И горькие рыдания и свободные [вздохи] остались напрасными: капитан заболел и до выздоровления остался в Муроме.
Каков же был ужас маменек и их милых дочерей, метивших на капитана как на самую выгодную партию, когда к нему (в отсутствие наше) приехали жена и теща и застали его не на одре болезни, а в кругу собутыльников. Теща начала было ему приличную случаю проповедь, но он ее остановил такими словами:
— Вы, кажется, умная женщина, а такие глупые вещи говорите. Ведь вы видели, вы знали, кому вы отдавали свою единственную дочь,— так о чем же вы мне теперь толкуете?
Старушка посмотрела на него, заплакала и, взявши свою единственную дочь, отправилась восвояси, а он, хохоча, кричал им вслед:
— Куда торопитесь? Не угодно ли со мною пообедать?
Каков молодец!
Несмотря, однакож, на все это, влияние его на нежный пол продолжалось, так что бедные мужья и отцы не видели других средств избавиться от опасного капитана, как написать просьбу государю от лица всего конклава и слезно просить, чтобы за примерные добродетели капитана перевел бы его снова в гвардию. Не знаю, по их ли просьбе, или по чьей другой, только он, проживши еще два года, был переведен,— только не в гвардию, а в город Вологду под надзор полиции. А в продолжение этих двух лет он разыграл еще с десяток слезных мелодрам и последнюю, самую патетическую, содержания следующего.
Выходя в Москву, вагенбург и прочие полковые тяжести нам приказано было оставить в Муроме, из чего и следовало заключить, что мы вскоре возвратимся на прежние квартиры. Офицеры, которые имели порядочные квартиры, оставили их за собою; я и свою квартиру тоже за собой оставил, а при ней мебель и прочую громоздкую мизерию. Полковой командир, спасибо ему, уважил мою просьбу и отдал в мое полное распоряжение Тумана, а я Туману отдал в полное распоряжение свою квартиру и все к ней принадлежащее. Прощаяся с ним, я наказывал ему пуще своих глаз беречь Варочку и как можно реже позволять ей посещать фельдшершу.
— Потому,— говорю,— что ты сам знаешь, что за зверь остается в городе. Неравно как-нибудь она ему на глаза попадется,— тогда она пропала.
— Бога гневите, ваше высокоблагородие! — сказал он,— воно ще дытына!
Я замолчал, зная по опыту, что никакие доказательства не в состоянии поколебать упрямого земляка моего. А заметьте, что этой дытыне минул уже пятнадцатый год.

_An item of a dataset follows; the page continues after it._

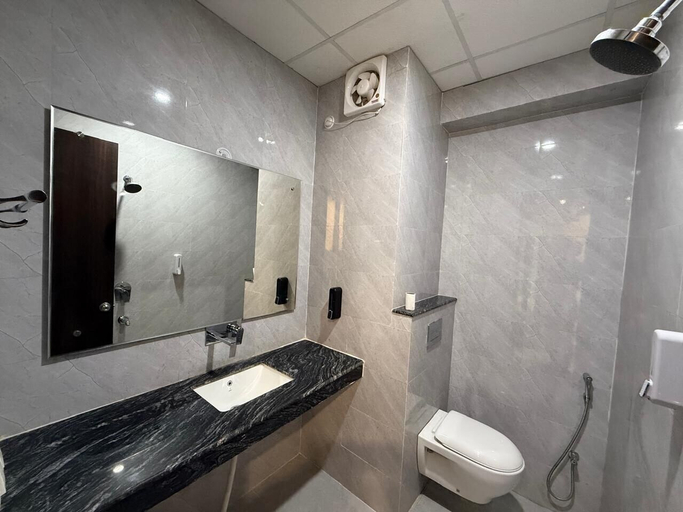Bathroom, Hotel Ganga Greens, Lucknow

Сходили мы в Москву и возвратилися назад благополучно. В Муроме тоже все no-старому: квартиру я свою и прочее добро нашел в отличнейшем порядке, иначе и быть не могло. Варочка встретила меня с самой детской, непритворной радостью, а Туман, отрапортовавши мне о благополучии, благодарил меня, что я его оставил в Муроме, потому, говорит, что он в продолжение этого времени, кроме того, что выучился выводить все цифры на бумаге, да еще зашиб препорядочную копейку: весь город наделил сапогами, а последний весь почти месяц работал на одного капитана.

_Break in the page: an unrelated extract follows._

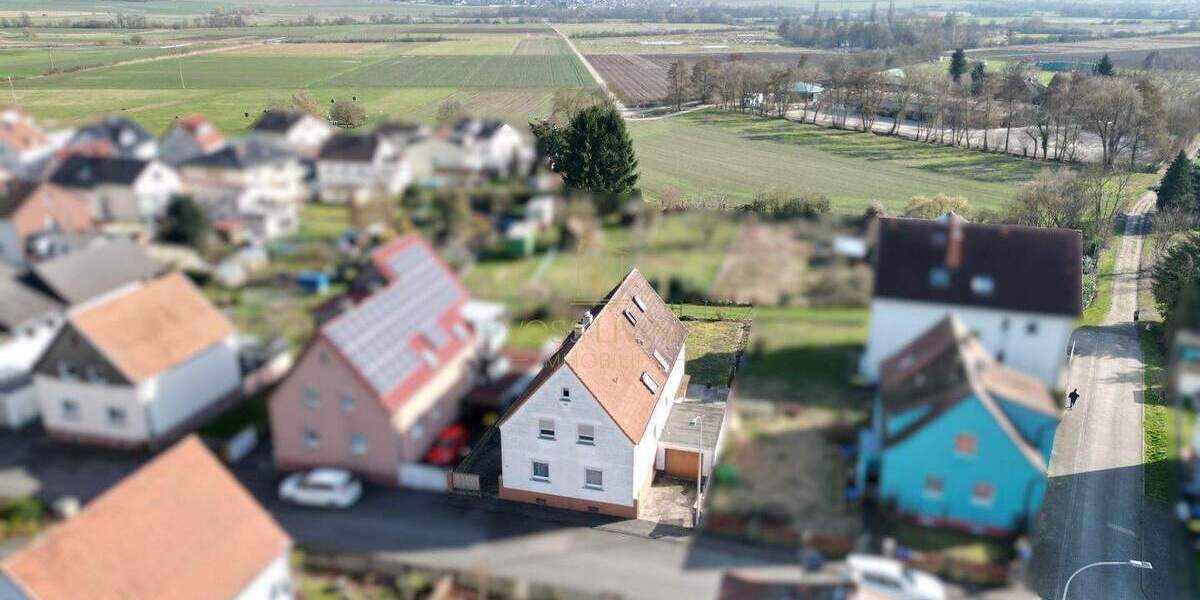 Einfamilienhaus Wöllstadt Nieder-Wöllstadt - 7 Zimmer, 189 m&sup2;, 489.000&euro; | Angebot:25689272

«Ну, начало сделано!» — подумал я.
— Не приходил ли он к тебе иногда сапоги примеривать? — спросил я.
— Приходил, ваше высокоблагородие, раз несколько приходил.
«Плохо»,— подумал я и отпустил простодушного добряка, не сказавши ему первый раз ни слова.
На другой день спросил я его, кто рекомендовал его капитану? Туман немножко замялся и сказал:
— Признаться сказать, ваше высокоблагородие, фельдшерша.
— А что я тебе говорил, выходя в Москву, а? — спросил я.
— Помню, ваше высокоблагородие.
— Нет, не помнишь, забыл. Припомни и подумай хорошенько, что из всего этого может выйти. А что, он видел у тебя Варочку?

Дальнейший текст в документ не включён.